Ma mère, dit-il, avait tant de faiblesse pour moi, qu’elle était continuellement à m’ajuster. Elle m’avait eu à quarante ans passés ; et comme elle voulait absolument encore être belle, un enfant de huit à neuf ans qu’elle menait partout la faisait paraître encore jeune. On m’habillait en fille toutes les fois que le petit Monsieur (frère de Louis XIV) venait au logis, et il y venait au moins deux ou trois fois la semaine.
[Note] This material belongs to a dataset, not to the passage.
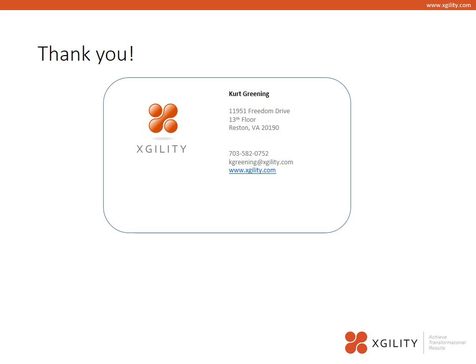I want to thank you for your time today. This has been Kirk Green with Xgility. If you need any help upgrading to SharePoint 2013 or would like more information around SkyDrive Pro or Office 365, feel free to contact us at info@xgility.com. Thanks very much, and this has been Kirk Green delivering another tip to help you achieve transformational results in your business.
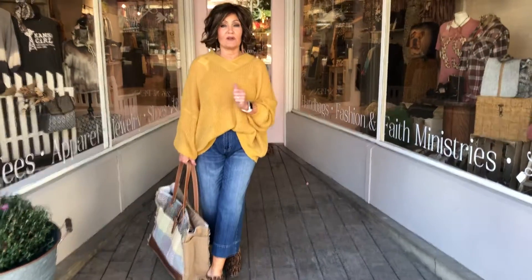Hey girls, we love this sweater enough to buy it in three different colors. We had the royal blue, we had the cream — those both sold really well — and then finally the mustard came in, which was my favorite to start with.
J’avais les oreilles percées, des diamants, des mouches, et toutes les autres petites afféteries auxquelles on s’accoutume fort aisément, et dont on se défait fort difficilement.

En même temps qu’elle réussissait, sans trop de peine, à faire ainsi de son fils une petite-maîtresse, elle s’attachait à lui inculquer les principes et l’art du courtisan, et elle semble avoir réduit à ce point toute la morale :

Écoutez, mon fils, lui disait cette petite-fille amollie du chancelier de L’Hôpital, ne soyez point glorieux, et songez que vous n’êtes qu’un bourgeois… Apprenez de moi qu’en France on ne reconnaît de noblesse que celle d’épée… Or, mon fils, pour n’être point glorieux, ne voyez jamais que des gens de qualité. Allez passer l’après-dînée avec les petits de Lesdiguières, le marquis de Villeroi, le comte de Guiche, Louvigny : vous vous accoutumerez de bonne heure à la complaisance, et il vous en restera toute la vie un air de civilité qui vous fera aimer de tout le monde.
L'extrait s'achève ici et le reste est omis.